**Your objective**
Please return the records below exactly as they stand.

**Source material**
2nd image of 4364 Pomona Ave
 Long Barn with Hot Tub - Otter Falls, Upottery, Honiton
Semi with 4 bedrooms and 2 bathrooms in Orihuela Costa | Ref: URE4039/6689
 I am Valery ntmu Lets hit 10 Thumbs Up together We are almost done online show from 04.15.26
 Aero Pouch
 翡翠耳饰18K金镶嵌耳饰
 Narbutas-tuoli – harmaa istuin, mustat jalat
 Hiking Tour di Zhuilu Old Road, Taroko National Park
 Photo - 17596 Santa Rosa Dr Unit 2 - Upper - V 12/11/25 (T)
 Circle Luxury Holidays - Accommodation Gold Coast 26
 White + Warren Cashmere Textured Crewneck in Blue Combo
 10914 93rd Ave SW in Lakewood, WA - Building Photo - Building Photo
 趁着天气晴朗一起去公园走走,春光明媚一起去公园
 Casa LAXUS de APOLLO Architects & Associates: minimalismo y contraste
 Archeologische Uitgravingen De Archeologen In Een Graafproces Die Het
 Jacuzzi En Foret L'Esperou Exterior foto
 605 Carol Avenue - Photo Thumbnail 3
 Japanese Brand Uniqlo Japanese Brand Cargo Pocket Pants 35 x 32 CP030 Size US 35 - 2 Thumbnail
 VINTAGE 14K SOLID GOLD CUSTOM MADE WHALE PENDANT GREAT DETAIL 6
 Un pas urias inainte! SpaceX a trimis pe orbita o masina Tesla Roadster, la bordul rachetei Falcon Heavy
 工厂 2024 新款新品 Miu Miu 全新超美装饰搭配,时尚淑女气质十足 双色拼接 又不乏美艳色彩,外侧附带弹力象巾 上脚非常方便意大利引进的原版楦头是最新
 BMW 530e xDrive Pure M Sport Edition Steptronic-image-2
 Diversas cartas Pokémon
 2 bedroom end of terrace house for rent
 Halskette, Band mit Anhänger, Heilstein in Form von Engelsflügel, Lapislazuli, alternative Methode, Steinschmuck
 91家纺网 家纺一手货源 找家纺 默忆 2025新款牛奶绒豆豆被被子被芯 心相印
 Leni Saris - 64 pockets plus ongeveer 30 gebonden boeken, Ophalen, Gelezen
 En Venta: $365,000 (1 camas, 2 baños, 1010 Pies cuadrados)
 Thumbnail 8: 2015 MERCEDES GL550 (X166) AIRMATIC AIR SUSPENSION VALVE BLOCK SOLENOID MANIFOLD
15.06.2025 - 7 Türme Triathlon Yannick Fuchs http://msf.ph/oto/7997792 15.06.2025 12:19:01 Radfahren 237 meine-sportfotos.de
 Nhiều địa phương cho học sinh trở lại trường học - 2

**Reply**
2nd image of 4364 Pomona Ave
 Long Barn with Hot Tub - Otter Falls, Upottery, Honiton
Semi with 4 bedrooms and 2 bathrooms in Orihuela Costa | Ref: URE4039/6689
 I am Valery ntmu Lets hit 10 Thumbs Up together We are almost done online show from 04.15.26
 Aero Pouch
 翡翠耳饰18K金镶嵌耳饰
 Narbutas-tuoli – harmaa istuin, mustat jalat
 Hiking Tour di Zhuilu Old Road, Taroko National Park
 Photo - 17596 Santa Rosa Dr Unit 2 - Upper - V 12/11/25 (T)
 Circle Luxury Holidays - Accommodation Gold Coast 26
 White + Warren Cashmere Textured Crewneck in Blue Combo
 10914 93rd Ave SW in Lakewood, WA - Building Photo - Building Photo
 趁着天气晴朗一起去公园走走,春光明媚一起去公园
 Casa LAXUS de APOLLO Architects & Associates: minimalismo y contraste
 Archeologische Uitgravingen De Archeologen In Een Graafproces Die Het
 Jacuzzi En Foret L'Esperou Exterior foto
 605 Carol Avenue - Photo Thumbnail 3
 Japanese Brand Uniqlo Japanese Brand Cargo Pocket Pants 35 x 32 CP030 Size US 35 - 2 Thumbnail
 VINTAGE 14K SOLID GOLD CUSTOM MADE WHALE PENDANT GREAT DETAIL 6
 Un pas urias inainte! SpaceX a trimis pe orbita o masina Tesla Roadster, la bordul rachetei Falcon Heavy
 工厂 2024 新款新品 Miu Miu 全新超美装饰搭配,时尚淑女气质十足 双色拼接 又不乏美艳色彩,外侧附带弹力象巾 上脚非常方便意大利引进的原版楦头是最新
 BMW 530e xDrive Pure M Sport Edition Steptronic-image-2
 Diversas cartas Pokémon
 2 bedroom end of terrace house for rent
 Halskette, Band mit Anhänger, Heilstein in Form von Engelsflügel, Lapislazuli, alternative Methode, Steinschmuck
 91家纺网 家纺一手货源 找家纺 默忆 2025新款牛奶绒豆豆被被子被芯 心相印
 Leni Saris - 64 pockets plus ongeveer 30 gebonden boeken, Ophalen, Gelezen
 En Venta: $365,000 (1 camas, 2 baños, 1010 Pies cuadrados)
 Thumbnail 8: 2015 MERCEDES GL550 (X166) AIRMATIC AIR SUSPENSION VALVE BLOCK SOLENOID MANIFOLD
15.06.2025 - 7 Türme Triathlon Yannick Fuchs http://msf.ph/oto/7997792 15.06.2025 12:19:01 Radfahren 237 meine-sportfotos.de
 Nhiều địa phương cho học sinh trở lại trường học - 2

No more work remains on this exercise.